Love fills all up inside me
Filling my heart with wishful dreams
No more sorrow fills my canvas
Along this lonely sea

-- "In the Garden," Tedeschi/Shannon

In the fashion of such things, she does manage a couple of relationship-gone-bad tunes on Wait for Me, but even in those, she's basically saying, Hey, we can work this shit out. The one exception is a dead-on cover of Dylan's "Don't Think Twice It's Alright" and even that has a gorgeous, late night arrangement which emphasizes the wistfulness of the tune. It's hers now if she wants it.

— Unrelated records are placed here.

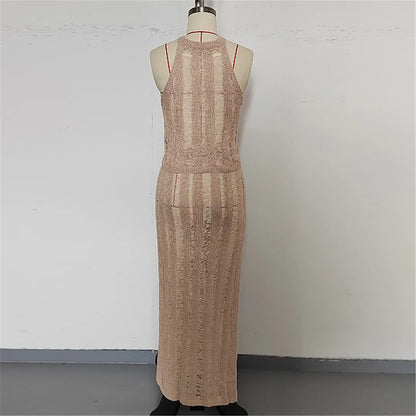New Sleeveless Crochet Knitted 2 Pieces Suits Tunic Beach Cover Up Cover-ups Beach Dress Beach Wear Beachwear Female Women V6717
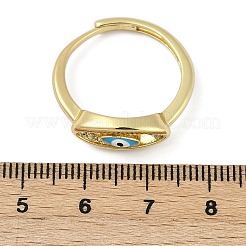 Bagues en laiton micro pavées en zircone cubique transparente émaillée pour femmes&nbsp;RJEW-L113-024G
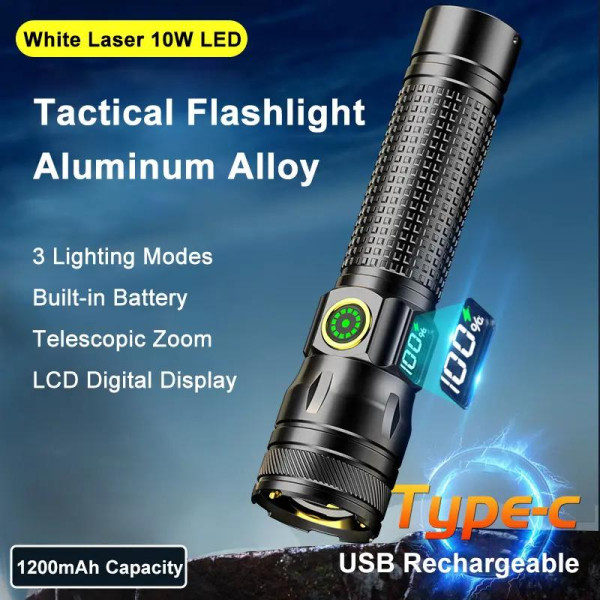 Ліхтар 1136-WHITE LASER LED PM10-TG Li-Ion Акумулятор Індикація Заряду ЗУ Type-C Zoom Ліхтар 1136-WHITE LASER LED PM10-TG Li-Ion Акумулятор Індикація Заряду ЗУ Type-C Zoom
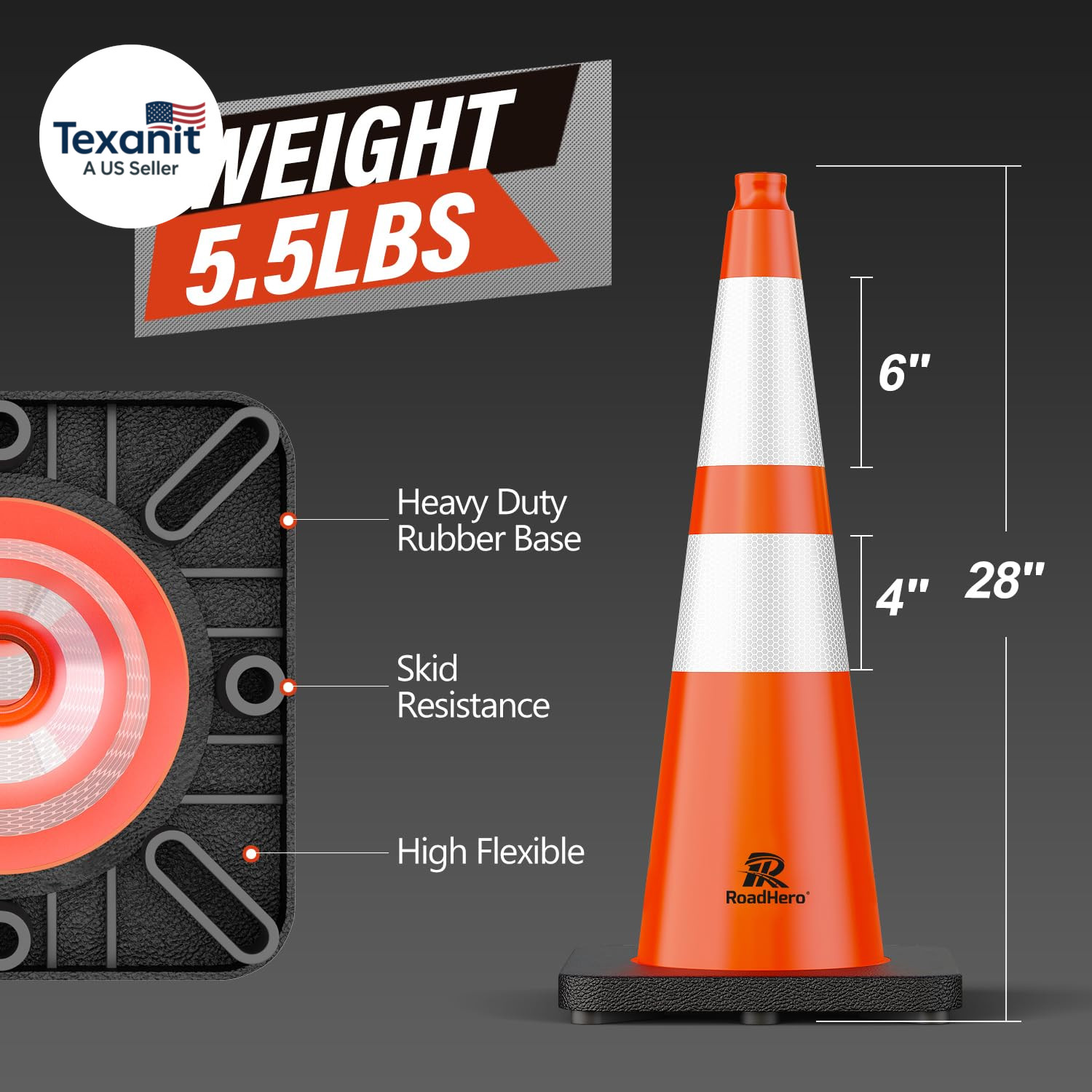 8 Pack 28 Inch 5.5 Lb Traffic Cones with Heavy Black Base, Orange Safety Cone wi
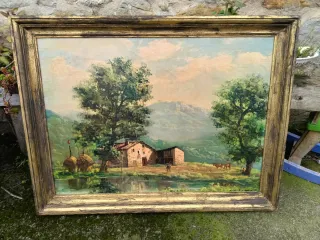 Cuadro laminado Vintage Paisaje Rural,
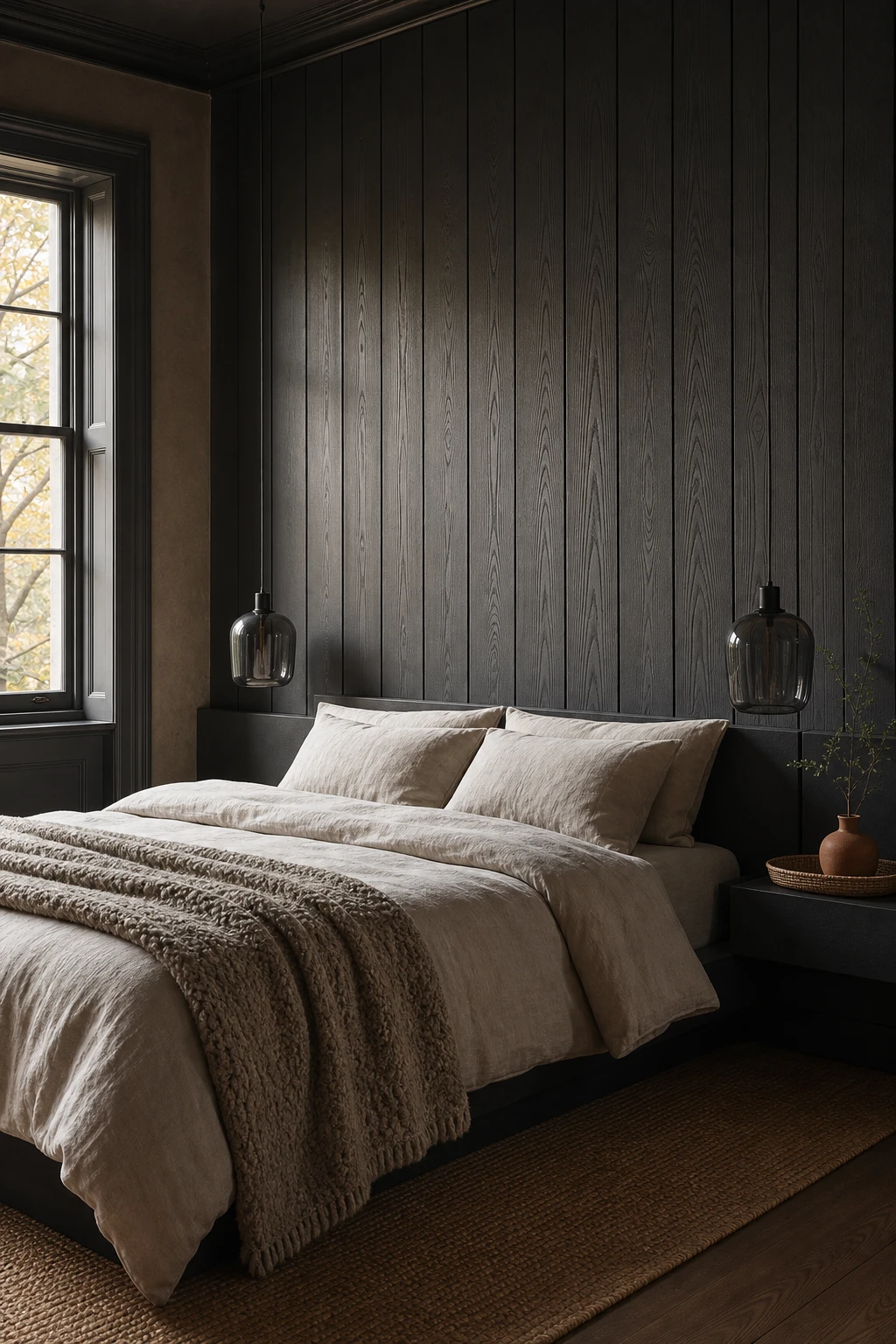 Dark gray bedroom with black wood panel feature wall painted in Farrow and Ball Railings, natural grain texture, linen bedding, warm pendant lighting
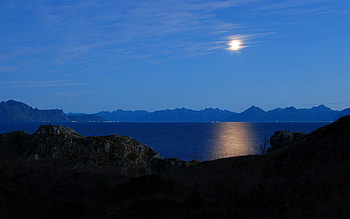 Nature, Sky, Mountains, Moon, Horizon HD wallpaper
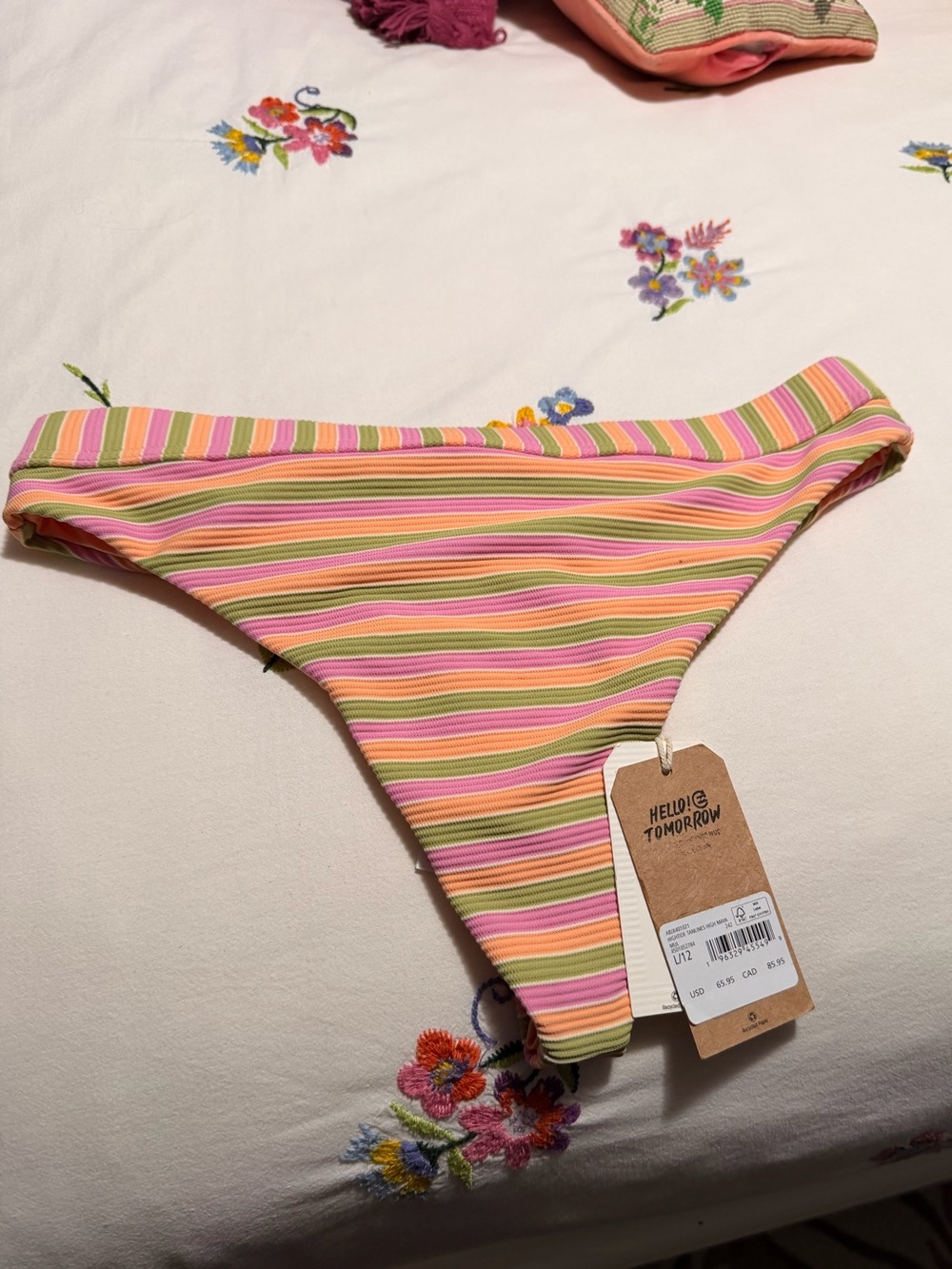 Women's Striped Bikini Bottom - Pink & Green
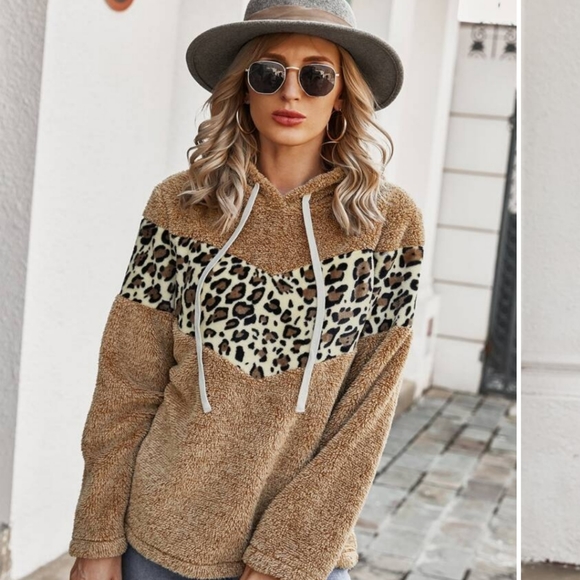 1 LEFT! Mocha Brown Leopard Teddy Hoodie - Picture 3 of 7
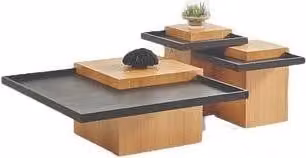 Braun-Schwarze Wohnzimmer Couchtischgarnitur 3x Kaffeetische Holz Möbel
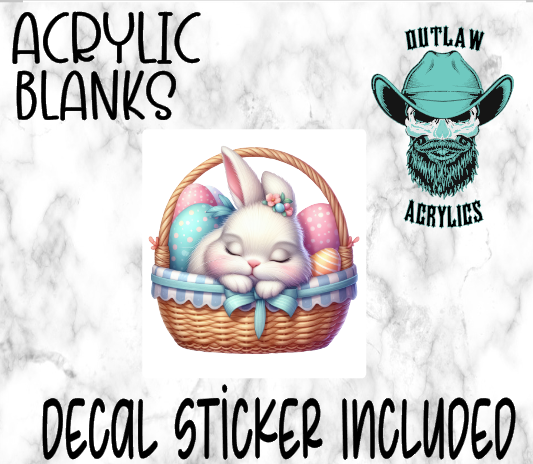 Sleeping Bunny Basket Acrylic & Decal Set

Mostly what we have here is a lot of songs about feeling very good about who and where she is. It's an amazing thing to hear from someone who's not selling something. It would make the whole album worth it even if Trucks didn't have a lot of gorgeous playing on it, or her band wasn't so good, or Tedeschi didn't nail every single vocal, including on the semi-hit "Alone," and even if Chuck Berry keyboardist Johnnie Johnson didn't add rollicking piano to "I Fell In Love" and even if Jason Crosby didn't rip on B-3 on "Don't Think Twice" and even if Tedeschi didn't break your heart on the verse, "...Parting is such sweet sorrow/Knowing that you may not be back tomorrow/Oh, but if you ever change your mind/Oh darling, call me, call me any time".

And finally, let's not forget the sex. It'd be worth it even if she didn't make you desperately wish you could be the person she's talking about when she sings, "Later on he kissed me/And took me by the hand/He whispered in my ear and I could barely stand".


Mambo Sinuendo
Ry Cooder and Manuel Galban

Okay, events have forcefully intervened to make some other implications of the stolen 2000 election come to the fore, but if you're a music fan, one you've noticed for sure is that the Bush Administration, grateful to South Florida Cuban crypto-fascists, has restored strict embargo rules against Cuba. This has cut off the flow of music from Ry Cooder and his Buena Vista Social Club confreres.

It turns out, though, that there is one last outing, for the time being, at least. The Clinton Administration slipped a one-year embargo exemption for Cooder in among all those last-minute pardons -- remember them? -- and the result is a new album with Cooder and Cuban guitarist Manuel Galban.

Galban is less traditional than previous Cuban Cooder collaborators, and the result is an album that hews to traditional Cuban song structures but sounds like it was recorded by an American rock band with ungodly talent. Cooder and Galban swap solos, interlocking and otherwise, pick on electric and slide guitars, and play with a very tight band that includes a great Cuban bassist, Orlando "Cachaito" Lopez, session drumming legend Jim Keltner, Cooder's percussionist son Joachim, a phalanx of Cuban percussionists, the occasional female vocalist or two, and even -- you're going to think I'm making this up -- Herb Alpert on the title track. Cooder himself also drops in on electric piano once.

Every single track is gorgeously recorded -- no mean feat in Cuba -- and sounds like the band is exactly where it needs to be. The album may disappoint you slightly if you're looking for something utterly roots-oriented, but as music that's alive and in the moment, this is the best album I've heard in the last six months.